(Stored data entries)
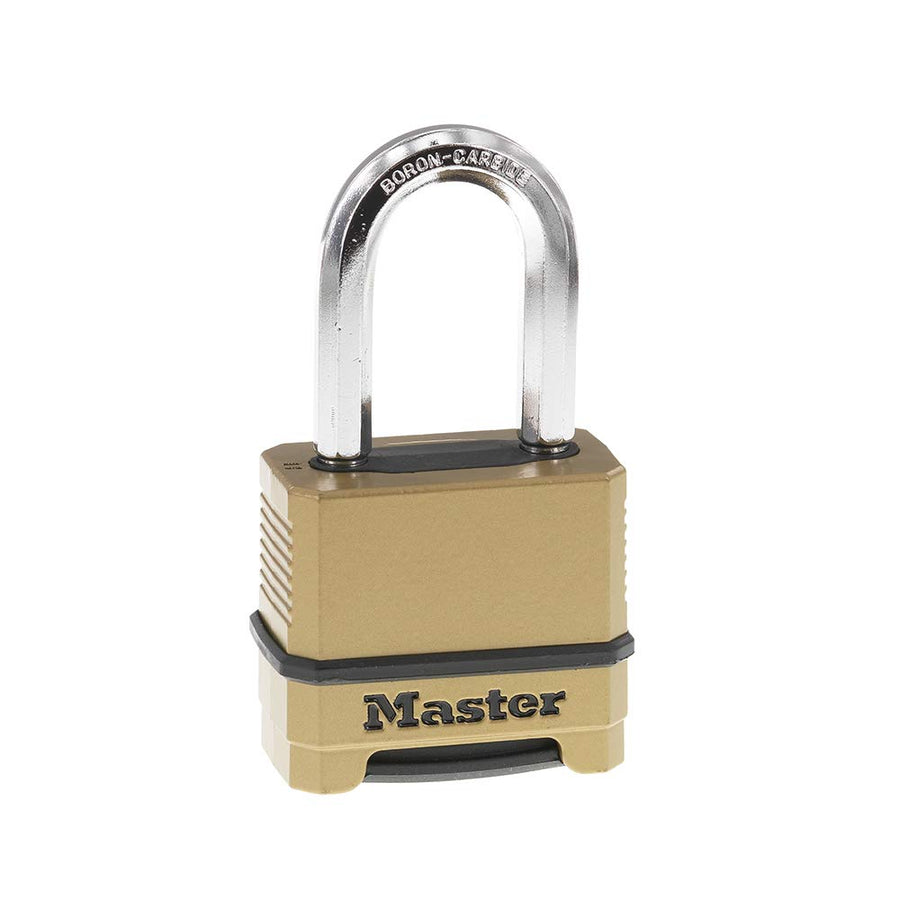 Combination Lock, Heavy Duty Weatherproof Padlock, Resettable For Outdoor Use, Brass Finish, M175XDLF
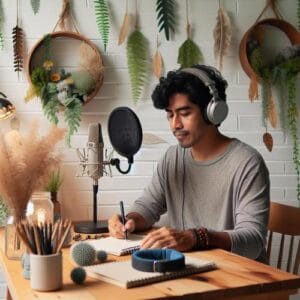 { "meta_title": "Podcasts als effektiver Marketingkanal", "meta_description": "Podcasts revolutionieren Marketingstrategien. Erfahren Sie, wie Audioformate Ihre Zielgruppe erreichen und binden.", "keywords": "Podcasts, Marketingkanal, Zielgruppenbindung, Audioformate, Markenbotschaft", "slug": "podcasts-marketingkanal-einstieg-strategie", "og_title": "Entdecken Sie die Kraft von Podcasts im Marketing!", "og_description": "Erfahren Sie, wie Podcasts Ihre Marketingstrategie revolutionieren und die Verbindung zu Ihrer Zielgruppe vertiefen können.", "h2": "Wie Unternehmen Podcasts strategisch als Marketinginstrument nutzen können", "image_prompt": "A cozy workspace with a microphone and headphones, surrounded by nature-inspired decor, evoking a sense of creativity and connection." }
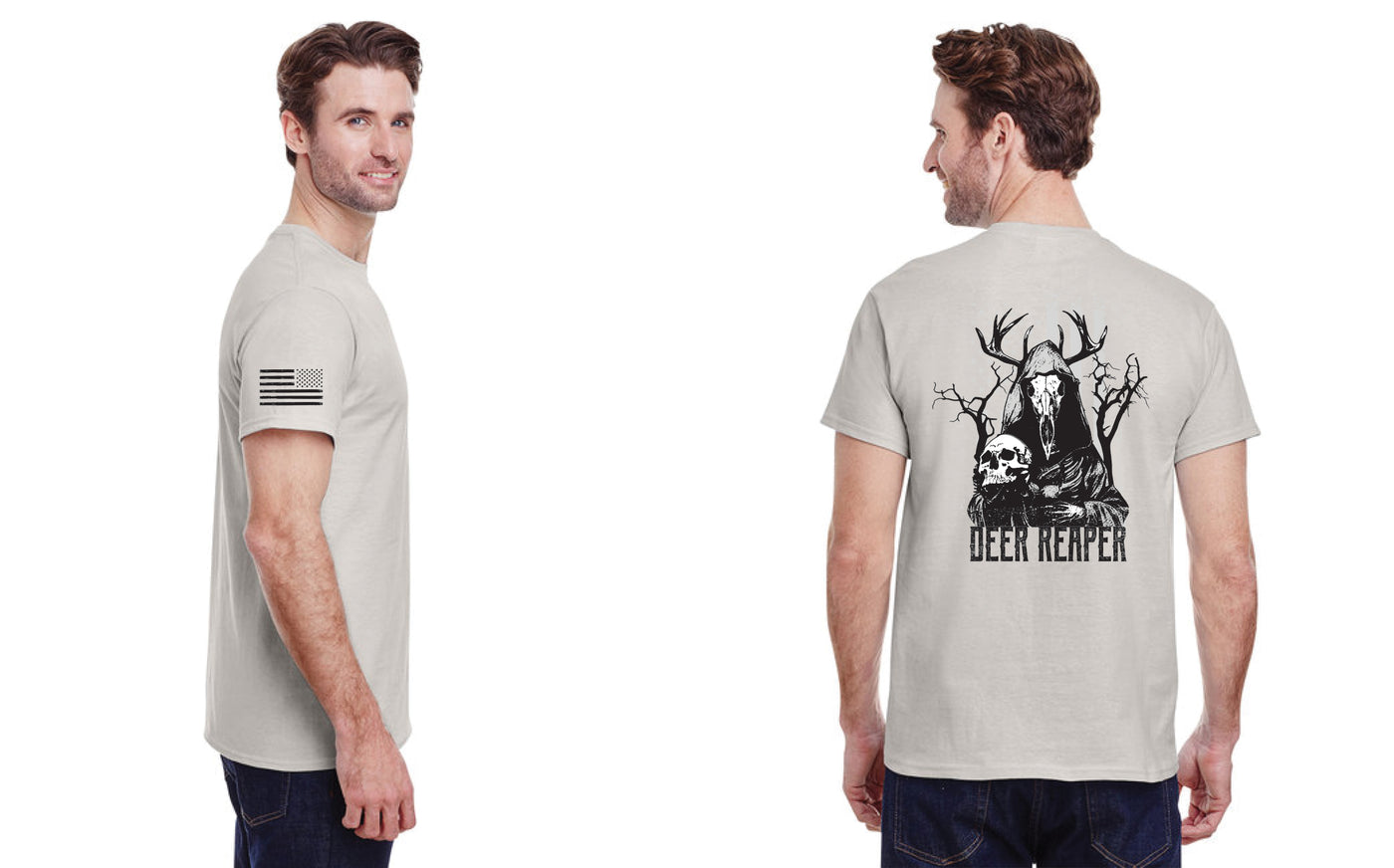 Deer Reaper Bottom Rocker Short Sleeve T-Shirt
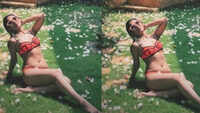 Jennifer Winget sets the temperature soaring in a red bikini 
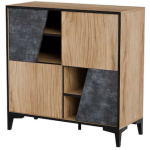 Sideboard Wooden Beige 90x38x90cm - Image 2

> **What is being asked**:
Word for word, set down every line of the records above, and leave the pictures out.

> **Solution for this problem**:
 Combination Lock, Heavy Duty Weatherproof Padlock, Resettable For Outdoor Use, Brass Finish, M175XDLF
 { "meta_title": "Podcasts als effektiver Marketingkanal", "meta_description": "Podcasts revolutionieren Marketingstrategien. Erfahren Sie, wie Audioformate Ihre Zielgruppe erreichen und binden.", "keywords": "Podcasts, Marketingkanal, Zielgruppenbindung, Audioformate, Markenbotschaft", "slug": "podcasts-marketingkanal-einstieg-strategie", "og_title": "Entdecken Sie die Kraft von Podcasts im Marketing!", "og_description": "Erfahren Sie, wie Podcasts Ihre Marketingstrategie revolutionieren und die Verbindung zu Ihrer Zielgruppe vertiefen können.", "h2": "Wie Unternehmen Podcasts strategisch als Marketinginstrument nutzen können", "image_prompt": "A cozy workspace with a microphone and headphones, surrounded by nature-inspired decor, evoking a sense of creativity and connection." }
 Deer Reaper Bottom Rocker Short Sleeve T-Shirt
 Jennifer Winget sets the temperature soaring in a red bikini 
 Sideboard Wooden Beige 90x38x90cm - Image 2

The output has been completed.